NOTE: This post first appeared in the Roswell Daily Record…
Gladiators as a trope work quite well in science fiction romance and are a popular genre. Fighting for your life and also to save your human fated mate in an alien arena in the far future leads to fun story telling.
When I was a kid, I used to watch the old “sword and sandal” movies on the local TV station on weekend afternoons and I loved them! Something about the gladiators of ancient Rome really appealed to me and especially as a venue for telling good stories. In particular I loved “Demetrius and the Gladiators”, starring Victor Mature. I really imprinted on his dramatic red cloak and insisted my gladiators had to have the same on the covers of my books. I also ate up pretty much any version of “Last Days of Pompeii,” but especially the 1984 TV miniseries with Duncan Regehr as the gladiator Lydon. I hugely enjoyed the first season of “Spartacus” on the Starz cable channel in 2010. That one was almost too gritty for me but presented quite a picture of what the life was like.
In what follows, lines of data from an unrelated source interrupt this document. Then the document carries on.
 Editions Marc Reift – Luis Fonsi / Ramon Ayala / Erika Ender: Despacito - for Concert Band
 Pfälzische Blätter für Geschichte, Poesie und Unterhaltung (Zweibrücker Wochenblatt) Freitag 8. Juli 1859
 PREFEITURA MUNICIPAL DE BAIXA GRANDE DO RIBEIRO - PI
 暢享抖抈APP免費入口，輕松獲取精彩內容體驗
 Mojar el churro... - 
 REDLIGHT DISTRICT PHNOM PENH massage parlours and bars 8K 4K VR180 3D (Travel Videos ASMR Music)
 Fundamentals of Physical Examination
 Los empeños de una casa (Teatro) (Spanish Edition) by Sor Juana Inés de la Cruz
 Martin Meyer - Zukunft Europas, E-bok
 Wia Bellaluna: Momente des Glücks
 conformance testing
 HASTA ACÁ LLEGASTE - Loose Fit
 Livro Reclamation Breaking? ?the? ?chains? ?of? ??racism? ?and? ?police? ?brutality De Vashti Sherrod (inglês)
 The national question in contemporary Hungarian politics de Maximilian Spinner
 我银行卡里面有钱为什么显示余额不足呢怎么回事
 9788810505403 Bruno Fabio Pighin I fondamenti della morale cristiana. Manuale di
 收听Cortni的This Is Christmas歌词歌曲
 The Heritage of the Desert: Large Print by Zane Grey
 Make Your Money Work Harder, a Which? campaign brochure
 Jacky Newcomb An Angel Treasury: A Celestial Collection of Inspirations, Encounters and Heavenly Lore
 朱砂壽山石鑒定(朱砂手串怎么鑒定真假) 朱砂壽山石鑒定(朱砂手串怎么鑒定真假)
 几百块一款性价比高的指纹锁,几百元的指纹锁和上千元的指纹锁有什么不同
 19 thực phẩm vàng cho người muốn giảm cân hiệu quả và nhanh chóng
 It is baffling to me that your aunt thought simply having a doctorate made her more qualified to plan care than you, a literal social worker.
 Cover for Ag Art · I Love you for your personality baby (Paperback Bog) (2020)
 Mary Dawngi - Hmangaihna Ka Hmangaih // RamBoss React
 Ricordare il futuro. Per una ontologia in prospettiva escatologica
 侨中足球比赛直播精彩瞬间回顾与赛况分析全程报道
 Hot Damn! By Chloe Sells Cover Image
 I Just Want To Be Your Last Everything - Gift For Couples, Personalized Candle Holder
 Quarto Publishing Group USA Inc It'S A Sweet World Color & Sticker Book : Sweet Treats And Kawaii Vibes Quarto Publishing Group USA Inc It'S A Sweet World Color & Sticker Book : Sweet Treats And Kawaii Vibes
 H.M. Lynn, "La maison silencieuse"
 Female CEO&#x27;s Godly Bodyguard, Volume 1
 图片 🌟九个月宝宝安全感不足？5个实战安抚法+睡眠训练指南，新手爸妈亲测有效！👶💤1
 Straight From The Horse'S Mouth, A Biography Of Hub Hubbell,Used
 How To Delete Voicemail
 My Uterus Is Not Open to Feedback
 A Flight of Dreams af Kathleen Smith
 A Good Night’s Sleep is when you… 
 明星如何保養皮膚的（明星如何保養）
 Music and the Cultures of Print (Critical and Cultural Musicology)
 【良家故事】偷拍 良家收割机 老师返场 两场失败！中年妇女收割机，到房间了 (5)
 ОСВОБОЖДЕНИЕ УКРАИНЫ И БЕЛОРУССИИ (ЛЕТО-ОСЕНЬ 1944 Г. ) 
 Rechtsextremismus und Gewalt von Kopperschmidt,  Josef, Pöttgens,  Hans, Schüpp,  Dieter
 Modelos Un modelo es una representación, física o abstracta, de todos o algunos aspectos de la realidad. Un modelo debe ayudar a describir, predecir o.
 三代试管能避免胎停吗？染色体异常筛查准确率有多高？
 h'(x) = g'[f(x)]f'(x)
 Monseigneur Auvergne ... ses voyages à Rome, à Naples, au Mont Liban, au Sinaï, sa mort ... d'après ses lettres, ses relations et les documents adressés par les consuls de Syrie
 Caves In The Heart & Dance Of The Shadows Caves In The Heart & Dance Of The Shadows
The important thing to remember is that a gladiator wasn’t necessarily fighting to the death every time he or she stepped onto the sands. Yes, that did happen on occasion but gladiators were too valuable and too much was invested in their training to just kill off half of them every week. So based on the research I’ve done, I suspect many times the participants simply fought to a draw or till one was vanquished but not killed. Thumbs up.
Live to fight again another day!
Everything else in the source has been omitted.